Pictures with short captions
____

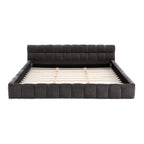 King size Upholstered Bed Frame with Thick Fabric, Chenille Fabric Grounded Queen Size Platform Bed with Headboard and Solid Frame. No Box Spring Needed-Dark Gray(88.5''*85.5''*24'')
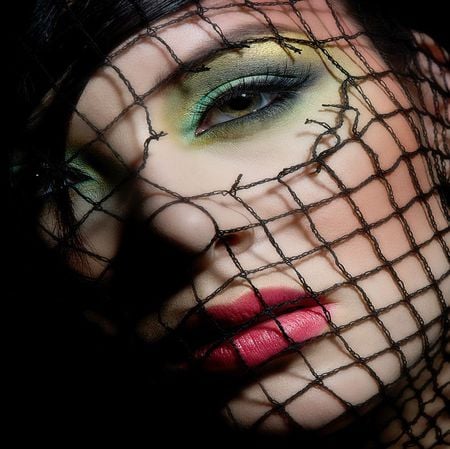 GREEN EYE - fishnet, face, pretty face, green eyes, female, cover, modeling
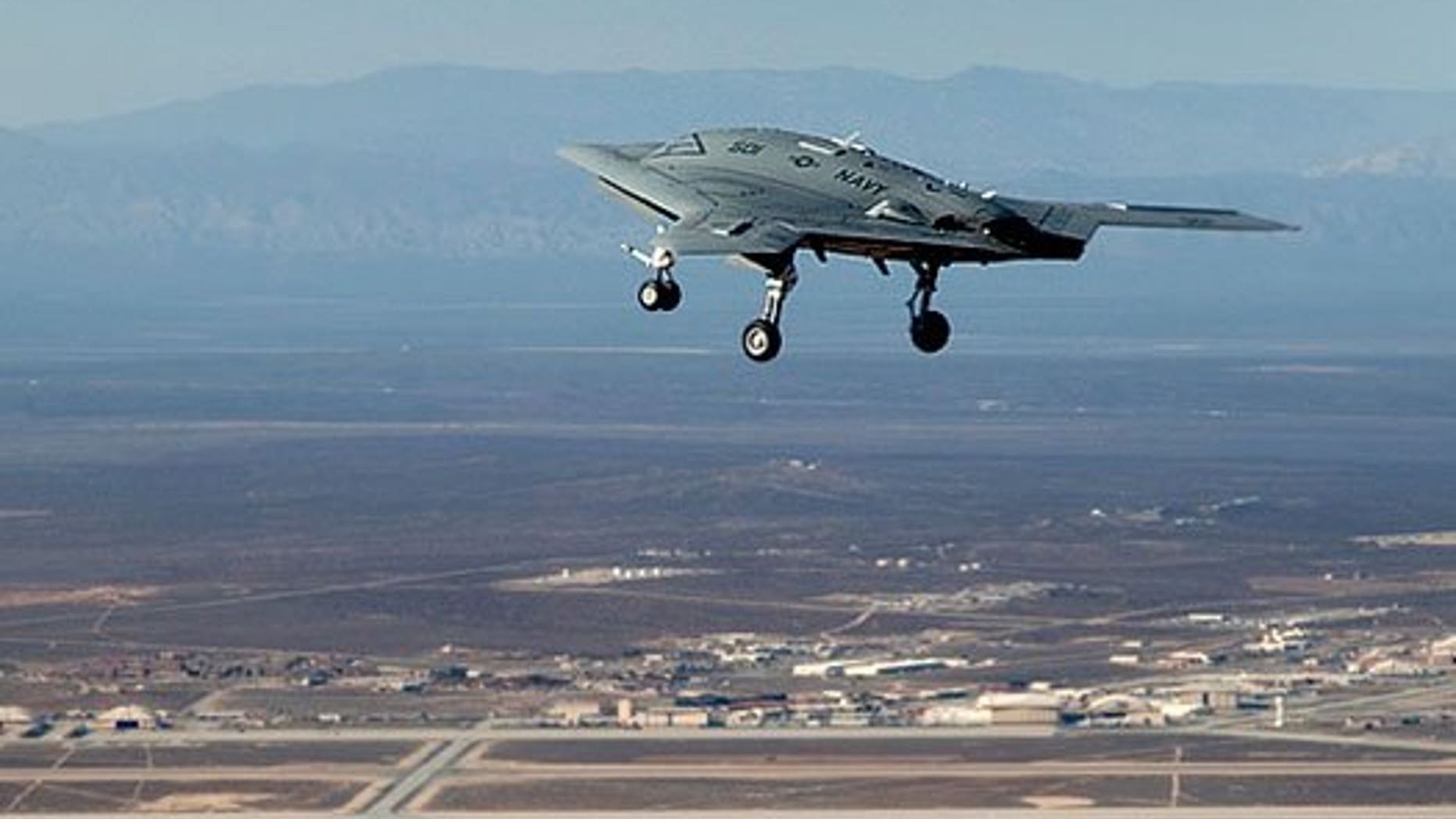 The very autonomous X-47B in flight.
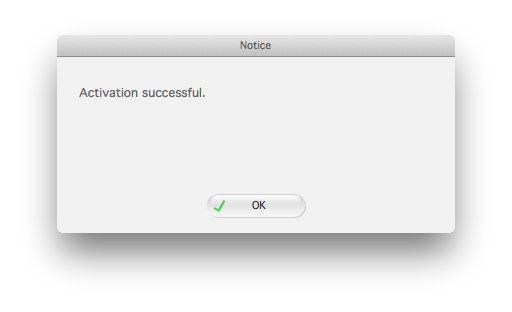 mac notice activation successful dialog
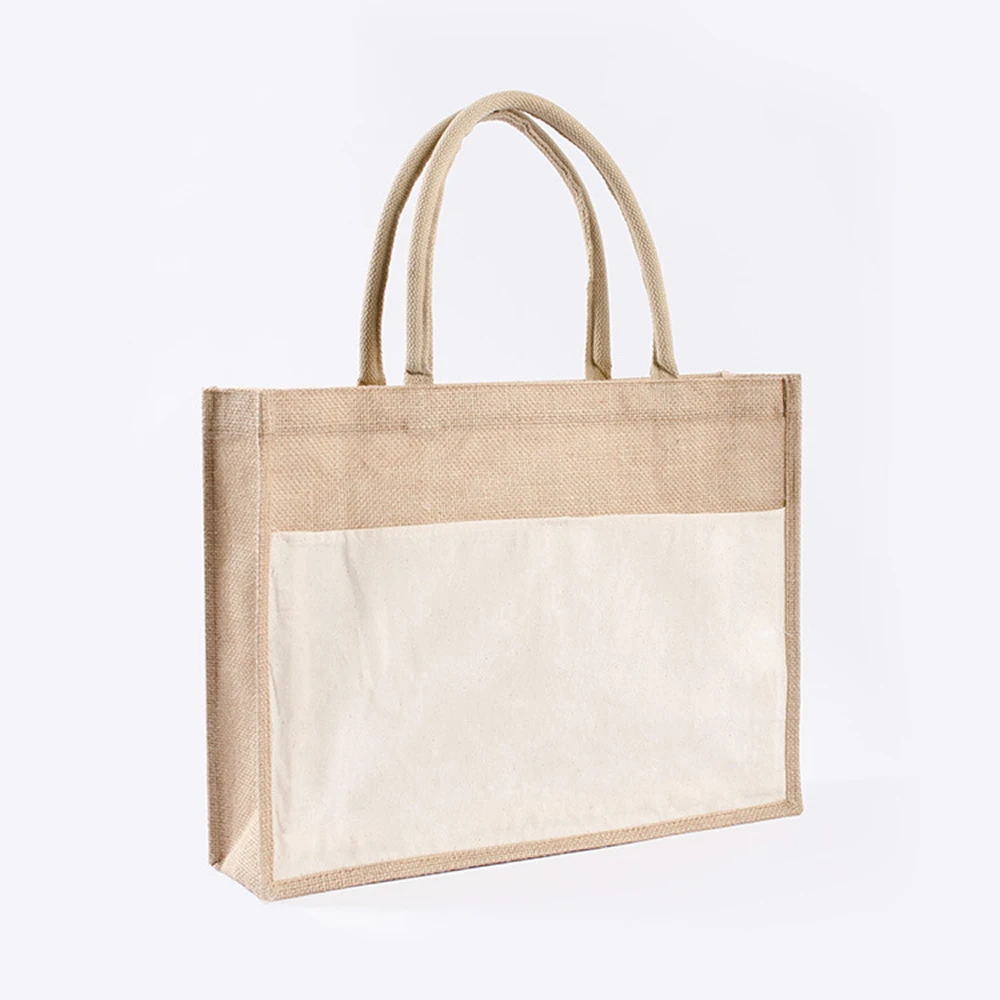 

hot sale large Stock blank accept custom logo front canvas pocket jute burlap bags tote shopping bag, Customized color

____

- _What you need to do_
Omit all pictures and repeat the rest of the records verbatim.

- _Answer area_
 King size Upholstered Bed Frame with Thick Fabric, Chenille Fabric Grounded Queen Size Platform Bed with Headboard and Solid Frame. No Box Spring Needed-Dark Gray(88.5''*85.5''*24'')
 GREEN EYE - fishnet, face, pretty face, green eyes, female, cover, modeling
 The very autonomous X-47B in flight.
 mac notice activation successful dialog

hot sale large Stock blank accept custom logo front canvas pocket jute burlap bags tote shopping bag, Customized color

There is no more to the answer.